Get Complete Project Material File(s) Now! »
Automatic Information Extraction
Information extraction is the task consisting of the extraction of structured data from unstructured or semi-structured documents. In particular, extraction from Web documents generally leverages the HTML structure of Web pages to identify and extract data. The basic assumption here is that the general formatting of the page, and more specifically its HTML formatting, reflects the structure of the information that it contains and presents. A wrapper’s job is to extract the data contained in the Web pages. There have been many solutions proposed by researchers on information extraction. The solutions can be classified according to the data source and the degree of automation involved in the process.
Taxonomy Based on Data Source
Information extraction (IE) has been applied to different sources of data, including emails [41, 42, 43], Web documents [44, 45, 46, 47, 48], and para-relational data [49, 27, 50].
Zhang et al. [41] present an approach to extract structured data from emails. The repetitive structures of emails are used to induce the templates. The content of the email which is not part of the templates is then annotated for its semantic type. Types which are common such as dates, address, price, etc. are pre-annotated using existing annotators. Text without any pre-annotated type associated with it is then classified as a product name or not. The classification task is done by
implementing a weak classifier using Conditional Random Fields and then applying the Expectation-Maximization algorithm. In [42], Sheng et al. propose Juicer which is a framework for extracting information from large-scale email service. It achieves the goal without hurting the privacy of the users. Juicer learns from a representative sample of emails by clustering them based on templates from which the emails are instantiated (purchase receipts, bills, hotel reservations, etc.). Juicer then applied a set of classifiers as well as field extractors for each cluster. The result of this learning process is then aggregated into a set of static rules. This set of static rules is then used online for extracting the needed information from newly arrived emails.

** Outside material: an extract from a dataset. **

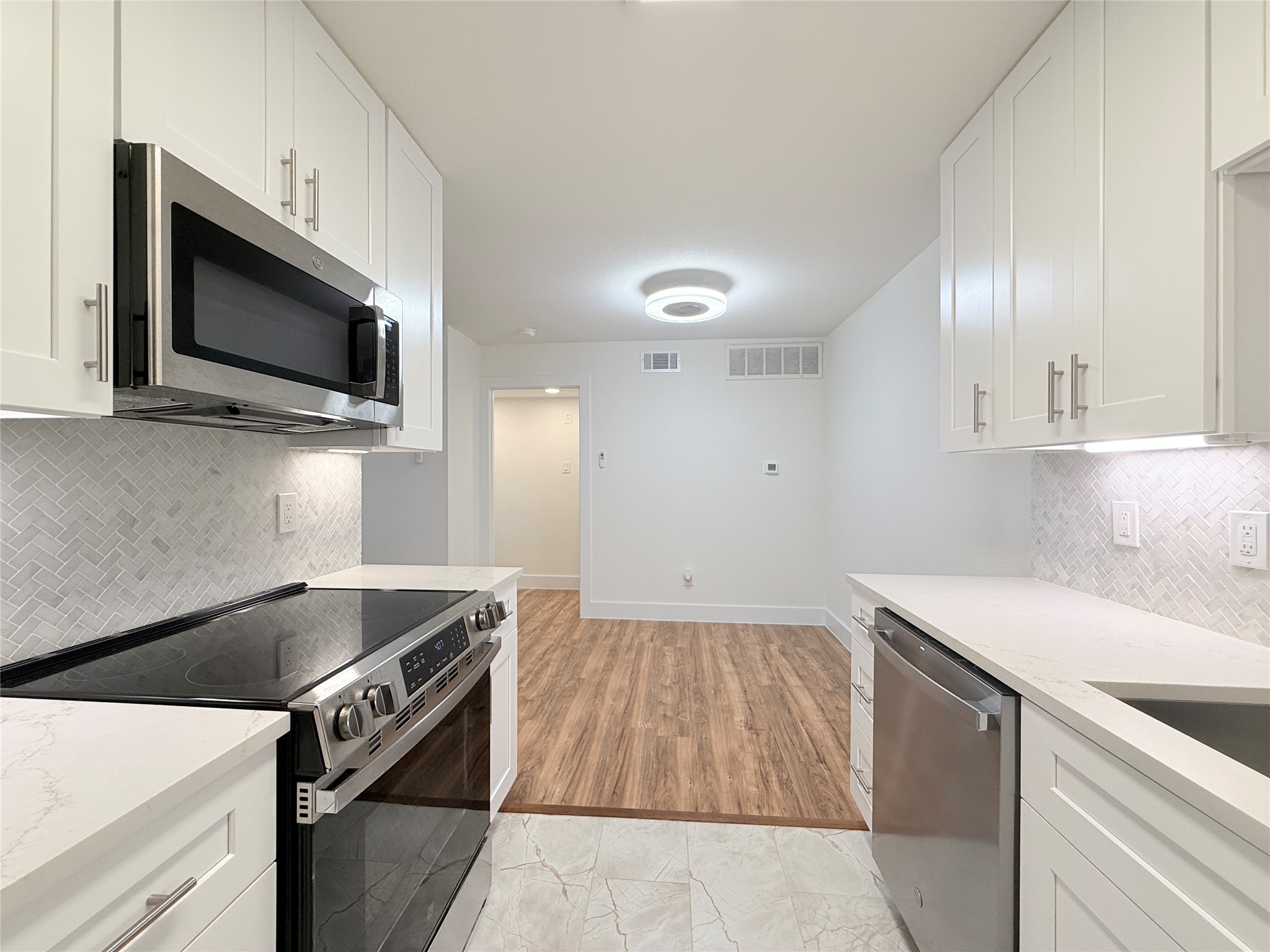2350 Bering Drive, Unit 114 Houston, TX 77057 - Photo 15 of 24 Gallery Image 15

Mahlawi et al. [43] propose a novel approach to extract structured data from emails about a specific domain. The data extraction process consists of several sub-processes including keyword extraction, sentiment analysis, regular expression extraction, entity extraction, and summary extraction. Keywords in the email are extracted based on the word frequency analysis with refers to the individual email as well as the whole corpus. The sentiment analysis process leverages a dictionary corpus to evaluate the sentiment value of each email. Predefined regular expressions are used to extract important information such as the email of the sender and receiver, date, URL, and phone number. To extract entities from the email, it uses POS tagging technique. From the result of the POS tagging, common nouns are removed while the rest of the nouns are identified as entities. To summarise the
content of the email, the authors build a graph using sentences as the vertices. If two sentences are overlapped in terms of content or have semantic similarity, an edge is drawn between the two vertices representing the words. The number of inbound edges is used to rank the vertices. The summary is extracted from the graph as the most important vertex and its corresponding edges.
Taxonomy Based on Degree of Automation of the Process
Earlier information extraction systems require the user to manually write the extraction rules or wrappers. This manual method has since been left behind as machine learning was introduced to help in generating the rules automatically. From the point of view of how the wrappers are generated, information extraction systems can be classified as supervised, semi-supervised, and unsupervised systems. In supervised IE systems, a set of Web pages are annotated with the data to be extracted and used as input. The IE systems then infer the wrapper from the labelled Web pages. RAPIER [53] generates the extraction rules in a bottom-up manner. It starts with the most specific rules and then iteratively replaces them with more general rules. The generated rules are only used to extract single-slot data. The rules are comprised of three different patterns, a pattern to match text preceding the filler, a pattern to match the actual filler, and a pattern to match the text following the filler. In this learning process, RAPIER combines the syntactic and semantic information of the input Web pages. The semantic information comes from the part of speech tagger and lexicon such as Wordnet [54]. As opposed to RAPIER, WHISK [55] can extract multi-slot information. The rules are generated using a covering learning algorithm and can be applied to various sources of documents including structured and free text. When applied to free text documents, the input data needs to be labelled with a syntactic analyser and semantic tagger.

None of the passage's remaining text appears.